How to tell: if the task context includes `sweep=read-only`, shorten the report to stats + CRITICAL + HIGH only, skip the LFS proposed `.gitattributes`, and defer the operator-approval dialog to the umbrella's synthesis step.
## Harsh mode — no hedging
When the task context contains the `tone=harsh` marker (usually set by the `/vibesubin harsh` umbrella invocation, but can also come from direct requests like *"don't sugarcoat"* / *"brutal review"* / *"매운 맛"*), switch output rules:
- **Lead with the biggest file.** First line of the report is the worst offender, with exact size and the consequence. *"`data/users.sqlite` is 340 MB and is in every single clone of this repo, forever, until you rewrite history."* Not *"large SQLite file detected in the repo."*
- **No softening words.** Drop *"might want to consider"*, *"could be a candidate for"*, *"probably worth"*. Replace with direct verbs: *"delete this from history"*, *"move this to LFS now"*, *"this file should never have been committed"*.
- **Consequence framing on every finding.** Balanced mode says *"42 MB video tracked in git"*. Harsh mode says *"every `git clone` of this repo downloads this 42 MB video, even though nobody on the team needs it locally."*
- **LFS recommendations are directive, not suggestive.** *"Migrate `*.psd` to LFS before the next commit"* — not *"you might want to set up LFS for Photoshop files."*
- **No *"a few polish items"* closures.** If a repo has any file over 50 MB, the verdict line does not end on a positive note. *"Clean this up before you open-source — the first clone will take fifteen minutes on a hotel WiFi."*
- **Historical blobs get urgency language.** *"This 180 MB blob is no longer in the working tree but every past and future clone still downloads it. Fix with a history rewrite or stop recommending this repo to anyone on mobile."*
Harsh mode does not invent findings, exaggerate sizes, or become rude. Every harsh statement must cite the same `git rev-list` / `du` / `git ls-files` output the balanced version would cite. The change is framing, not substance.
## Hand-offs
- **Delete from HEAD only** (file is currently tracked, no history rewrite needed) → `refactor-verify` with `git rm` plus `.gitignore` addition
- **Delete from history** (large blob, deleted or not) → `refactor-verify` with `git filter-repo` plan and force-push coordination
- **LFS migration** → `refactor-verify` with proposed `.gitattributes` and migration steps; requires operator approval before touching history
- **`.gitignore` gaps** (build directories tracked, `node_modules/` tracked, etc.) → `manage-secrets-env` owns the default-safe `.gitignore` template
- **Asset is unused** (leftover from a prior feature) → `fight-repo-rot` to confirm unused, then `refactor-verify` to delete
- **Secret found inside a blob** (API key embedded in a committed binary, credentials in a ZIP) → `manage-secrets-env` and `audit-security` immediately; rotate first, delete second
## Details and tools
The full methodology is inlined in this `SKILL.md`. Tools worth knowing (install-on-demand):
- `git-sizer` — GitHub's official repo-size analyzer, flags path lengths, blob size distribution, tree depth
- `git-filter-repo` — the current recommended tool for history rewriting (replaces `git filter-branch`)
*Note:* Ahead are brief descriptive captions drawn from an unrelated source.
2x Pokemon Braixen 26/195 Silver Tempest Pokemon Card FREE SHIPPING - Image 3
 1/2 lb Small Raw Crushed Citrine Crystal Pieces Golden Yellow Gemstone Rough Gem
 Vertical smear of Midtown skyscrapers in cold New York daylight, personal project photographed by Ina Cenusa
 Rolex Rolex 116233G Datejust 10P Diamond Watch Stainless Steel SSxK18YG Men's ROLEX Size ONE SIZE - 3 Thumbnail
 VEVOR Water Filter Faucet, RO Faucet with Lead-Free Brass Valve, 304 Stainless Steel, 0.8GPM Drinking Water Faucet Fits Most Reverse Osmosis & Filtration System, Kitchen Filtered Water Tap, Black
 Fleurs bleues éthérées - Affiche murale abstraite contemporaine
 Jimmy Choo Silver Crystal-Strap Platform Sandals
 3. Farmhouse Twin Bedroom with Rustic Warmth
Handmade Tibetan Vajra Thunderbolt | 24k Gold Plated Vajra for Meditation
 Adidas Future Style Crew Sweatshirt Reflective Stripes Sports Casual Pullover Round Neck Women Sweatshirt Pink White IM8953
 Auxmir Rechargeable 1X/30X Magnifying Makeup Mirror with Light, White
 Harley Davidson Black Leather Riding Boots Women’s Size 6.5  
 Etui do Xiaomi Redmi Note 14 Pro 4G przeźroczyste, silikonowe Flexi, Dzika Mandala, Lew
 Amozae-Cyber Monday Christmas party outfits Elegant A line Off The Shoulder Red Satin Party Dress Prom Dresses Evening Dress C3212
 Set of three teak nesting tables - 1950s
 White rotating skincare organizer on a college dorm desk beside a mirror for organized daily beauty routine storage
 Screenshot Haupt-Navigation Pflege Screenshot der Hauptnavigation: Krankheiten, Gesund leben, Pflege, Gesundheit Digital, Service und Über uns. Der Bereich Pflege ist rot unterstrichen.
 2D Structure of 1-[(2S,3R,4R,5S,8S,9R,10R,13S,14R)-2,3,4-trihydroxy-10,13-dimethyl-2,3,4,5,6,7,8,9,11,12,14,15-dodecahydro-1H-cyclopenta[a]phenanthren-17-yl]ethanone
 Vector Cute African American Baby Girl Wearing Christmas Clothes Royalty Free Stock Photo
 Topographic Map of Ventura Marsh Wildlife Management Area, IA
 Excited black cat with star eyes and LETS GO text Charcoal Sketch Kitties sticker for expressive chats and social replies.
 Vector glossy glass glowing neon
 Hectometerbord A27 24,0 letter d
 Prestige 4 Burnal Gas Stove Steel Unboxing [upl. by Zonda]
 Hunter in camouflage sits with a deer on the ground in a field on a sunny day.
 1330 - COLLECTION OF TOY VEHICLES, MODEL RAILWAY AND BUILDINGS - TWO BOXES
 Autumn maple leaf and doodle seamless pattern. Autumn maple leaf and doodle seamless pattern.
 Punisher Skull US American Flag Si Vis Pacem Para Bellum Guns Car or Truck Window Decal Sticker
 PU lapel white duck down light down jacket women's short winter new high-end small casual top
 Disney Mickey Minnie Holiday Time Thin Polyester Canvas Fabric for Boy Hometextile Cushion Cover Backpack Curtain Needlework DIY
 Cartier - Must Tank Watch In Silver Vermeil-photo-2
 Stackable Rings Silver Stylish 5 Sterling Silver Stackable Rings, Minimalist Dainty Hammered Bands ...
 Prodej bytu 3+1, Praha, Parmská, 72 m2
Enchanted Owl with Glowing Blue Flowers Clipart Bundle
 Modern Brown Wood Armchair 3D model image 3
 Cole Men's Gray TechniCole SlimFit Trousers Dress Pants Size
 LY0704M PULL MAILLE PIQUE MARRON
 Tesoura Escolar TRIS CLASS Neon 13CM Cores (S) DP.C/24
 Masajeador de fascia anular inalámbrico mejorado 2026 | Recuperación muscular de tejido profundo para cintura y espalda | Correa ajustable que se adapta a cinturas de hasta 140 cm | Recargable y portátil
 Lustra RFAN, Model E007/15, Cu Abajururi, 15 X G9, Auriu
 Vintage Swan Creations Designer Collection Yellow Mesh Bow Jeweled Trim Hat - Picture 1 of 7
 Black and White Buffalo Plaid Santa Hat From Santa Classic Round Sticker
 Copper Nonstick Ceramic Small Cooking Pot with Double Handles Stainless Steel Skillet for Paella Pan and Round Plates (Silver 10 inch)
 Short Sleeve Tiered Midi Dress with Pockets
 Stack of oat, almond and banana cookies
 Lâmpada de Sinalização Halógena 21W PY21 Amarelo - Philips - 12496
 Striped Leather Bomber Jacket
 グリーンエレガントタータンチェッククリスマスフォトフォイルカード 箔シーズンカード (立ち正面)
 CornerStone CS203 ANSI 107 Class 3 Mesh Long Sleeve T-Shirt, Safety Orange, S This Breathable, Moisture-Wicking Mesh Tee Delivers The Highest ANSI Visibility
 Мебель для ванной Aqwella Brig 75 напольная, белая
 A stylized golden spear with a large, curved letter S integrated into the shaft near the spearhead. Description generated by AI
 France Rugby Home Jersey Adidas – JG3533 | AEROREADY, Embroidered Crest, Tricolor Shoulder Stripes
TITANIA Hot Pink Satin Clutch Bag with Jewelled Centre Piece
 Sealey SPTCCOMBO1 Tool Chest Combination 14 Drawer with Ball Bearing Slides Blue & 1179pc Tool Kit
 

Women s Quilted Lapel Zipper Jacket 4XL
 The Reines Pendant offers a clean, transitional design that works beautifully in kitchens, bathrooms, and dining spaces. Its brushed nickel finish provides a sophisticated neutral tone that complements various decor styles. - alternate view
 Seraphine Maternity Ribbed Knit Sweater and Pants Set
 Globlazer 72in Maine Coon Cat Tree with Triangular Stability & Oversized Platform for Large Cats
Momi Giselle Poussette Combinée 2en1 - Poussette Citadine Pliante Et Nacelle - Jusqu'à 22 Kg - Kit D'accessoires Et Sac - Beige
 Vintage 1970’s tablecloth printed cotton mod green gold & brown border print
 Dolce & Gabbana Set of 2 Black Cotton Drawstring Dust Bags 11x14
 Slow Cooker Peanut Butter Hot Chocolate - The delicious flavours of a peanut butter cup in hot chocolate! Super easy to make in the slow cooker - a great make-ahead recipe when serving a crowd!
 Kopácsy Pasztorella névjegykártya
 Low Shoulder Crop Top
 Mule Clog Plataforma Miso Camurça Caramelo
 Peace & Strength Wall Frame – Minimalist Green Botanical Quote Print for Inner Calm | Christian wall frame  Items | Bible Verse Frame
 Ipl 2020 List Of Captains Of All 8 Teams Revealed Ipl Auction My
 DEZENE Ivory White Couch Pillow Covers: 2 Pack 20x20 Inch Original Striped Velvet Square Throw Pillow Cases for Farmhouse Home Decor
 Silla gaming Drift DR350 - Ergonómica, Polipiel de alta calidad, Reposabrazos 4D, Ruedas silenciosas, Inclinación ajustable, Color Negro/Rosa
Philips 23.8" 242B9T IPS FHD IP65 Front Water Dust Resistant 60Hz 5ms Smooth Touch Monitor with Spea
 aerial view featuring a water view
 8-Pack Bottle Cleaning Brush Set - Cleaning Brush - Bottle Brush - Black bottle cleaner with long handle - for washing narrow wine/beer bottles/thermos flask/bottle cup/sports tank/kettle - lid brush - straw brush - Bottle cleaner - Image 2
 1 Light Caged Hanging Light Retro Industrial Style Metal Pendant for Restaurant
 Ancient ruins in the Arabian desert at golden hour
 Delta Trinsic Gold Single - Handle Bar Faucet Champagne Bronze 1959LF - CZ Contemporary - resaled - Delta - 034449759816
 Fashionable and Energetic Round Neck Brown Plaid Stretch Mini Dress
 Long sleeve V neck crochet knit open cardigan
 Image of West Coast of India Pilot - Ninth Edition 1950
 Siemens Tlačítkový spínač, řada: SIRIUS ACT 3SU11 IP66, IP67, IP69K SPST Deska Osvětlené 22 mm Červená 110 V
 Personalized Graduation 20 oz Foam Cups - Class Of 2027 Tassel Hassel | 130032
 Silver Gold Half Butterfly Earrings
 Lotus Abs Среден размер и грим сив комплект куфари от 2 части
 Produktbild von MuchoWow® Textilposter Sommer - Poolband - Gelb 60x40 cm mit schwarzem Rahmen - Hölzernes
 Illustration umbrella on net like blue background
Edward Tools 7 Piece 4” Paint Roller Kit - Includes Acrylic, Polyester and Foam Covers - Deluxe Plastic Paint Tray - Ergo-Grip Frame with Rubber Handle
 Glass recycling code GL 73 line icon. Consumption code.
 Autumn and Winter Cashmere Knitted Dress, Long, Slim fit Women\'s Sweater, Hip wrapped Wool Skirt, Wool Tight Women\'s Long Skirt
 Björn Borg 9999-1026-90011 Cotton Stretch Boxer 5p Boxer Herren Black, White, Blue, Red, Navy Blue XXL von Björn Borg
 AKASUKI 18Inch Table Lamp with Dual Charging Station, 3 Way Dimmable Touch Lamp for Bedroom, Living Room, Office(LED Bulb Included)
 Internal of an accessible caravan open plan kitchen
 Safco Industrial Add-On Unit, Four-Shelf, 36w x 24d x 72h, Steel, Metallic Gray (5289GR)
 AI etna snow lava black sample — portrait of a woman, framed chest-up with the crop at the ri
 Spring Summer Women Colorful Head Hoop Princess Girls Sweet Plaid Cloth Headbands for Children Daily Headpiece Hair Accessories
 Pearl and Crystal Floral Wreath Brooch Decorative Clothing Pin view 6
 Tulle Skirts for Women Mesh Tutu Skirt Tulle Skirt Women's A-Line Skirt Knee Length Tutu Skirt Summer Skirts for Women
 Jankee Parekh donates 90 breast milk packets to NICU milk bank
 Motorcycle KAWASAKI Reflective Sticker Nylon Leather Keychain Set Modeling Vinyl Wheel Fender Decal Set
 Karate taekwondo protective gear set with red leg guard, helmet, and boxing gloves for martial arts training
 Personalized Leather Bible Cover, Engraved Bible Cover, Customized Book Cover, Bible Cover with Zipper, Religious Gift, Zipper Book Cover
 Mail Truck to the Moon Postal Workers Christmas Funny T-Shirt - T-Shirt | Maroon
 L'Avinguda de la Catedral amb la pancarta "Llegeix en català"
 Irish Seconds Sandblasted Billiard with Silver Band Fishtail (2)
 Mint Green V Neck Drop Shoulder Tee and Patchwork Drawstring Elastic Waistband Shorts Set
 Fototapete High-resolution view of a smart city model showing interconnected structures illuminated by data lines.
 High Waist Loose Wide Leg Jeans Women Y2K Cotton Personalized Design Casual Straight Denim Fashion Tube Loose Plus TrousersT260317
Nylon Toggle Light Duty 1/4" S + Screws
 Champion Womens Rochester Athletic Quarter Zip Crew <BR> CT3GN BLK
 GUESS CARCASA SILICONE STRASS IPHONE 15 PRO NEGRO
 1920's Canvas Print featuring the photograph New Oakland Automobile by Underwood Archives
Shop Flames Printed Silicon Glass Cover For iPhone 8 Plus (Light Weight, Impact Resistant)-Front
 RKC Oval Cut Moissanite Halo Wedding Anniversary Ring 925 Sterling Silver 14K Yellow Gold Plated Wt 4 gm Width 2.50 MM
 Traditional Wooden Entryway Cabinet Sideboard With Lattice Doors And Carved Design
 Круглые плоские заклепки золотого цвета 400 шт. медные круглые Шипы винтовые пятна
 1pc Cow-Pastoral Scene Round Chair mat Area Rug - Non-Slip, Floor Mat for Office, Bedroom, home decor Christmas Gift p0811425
- `bfg-repo-cleaner` — older, Java-based; still useful for specific patterns
- `git lfs` — official LFS CLI; `git lfs migrate import` for bulk migration (history-rewriting)
- `du` / `find` — universal primitives, always available
- `scc` / `tokei` — not for bloat but for separating source LOC from "everything else"
Scripts and references are intentionally minimal — the primary deliverable is the diagnostic report, and the analysis lives in the single SKILL.md so nothing drifts out of sync.